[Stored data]
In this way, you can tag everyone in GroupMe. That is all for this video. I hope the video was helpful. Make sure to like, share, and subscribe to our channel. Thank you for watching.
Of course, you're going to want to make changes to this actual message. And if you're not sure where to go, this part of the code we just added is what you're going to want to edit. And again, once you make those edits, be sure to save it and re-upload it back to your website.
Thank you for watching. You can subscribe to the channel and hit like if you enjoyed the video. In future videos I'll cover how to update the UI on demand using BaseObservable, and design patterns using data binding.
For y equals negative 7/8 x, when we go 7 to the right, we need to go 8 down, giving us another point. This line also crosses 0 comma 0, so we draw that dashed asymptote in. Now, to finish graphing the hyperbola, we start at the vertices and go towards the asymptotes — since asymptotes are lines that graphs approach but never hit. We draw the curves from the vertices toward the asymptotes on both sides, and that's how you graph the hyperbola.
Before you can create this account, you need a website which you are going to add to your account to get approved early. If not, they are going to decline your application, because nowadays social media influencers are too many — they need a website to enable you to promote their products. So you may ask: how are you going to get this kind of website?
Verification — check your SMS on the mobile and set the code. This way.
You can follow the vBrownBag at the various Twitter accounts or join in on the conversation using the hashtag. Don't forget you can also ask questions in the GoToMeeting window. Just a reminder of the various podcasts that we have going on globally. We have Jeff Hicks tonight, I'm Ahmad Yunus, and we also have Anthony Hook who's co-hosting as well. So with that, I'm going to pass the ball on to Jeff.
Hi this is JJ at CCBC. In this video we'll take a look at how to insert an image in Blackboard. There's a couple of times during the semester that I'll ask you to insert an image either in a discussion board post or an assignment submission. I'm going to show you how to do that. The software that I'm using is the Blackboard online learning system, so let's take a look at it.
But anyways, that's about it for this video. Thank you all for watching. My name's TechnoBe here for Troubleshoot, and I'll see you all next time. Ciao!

• [Task prompt]
Return all lines from the data that include the string "subscribe".

• [Exercise response]
In this way, you can tag everyone in GroupMe. That is all for this video. I hope the video was helpful. Make sure to like, share, and subscribe to our channel. Thank you for watching.
Thank you for watching. You can subscribe to the channel and hit like if you enjoyed the video. In future videos I'll cover how to update the UI on demand using BaseObservable, and design patterns using data binding.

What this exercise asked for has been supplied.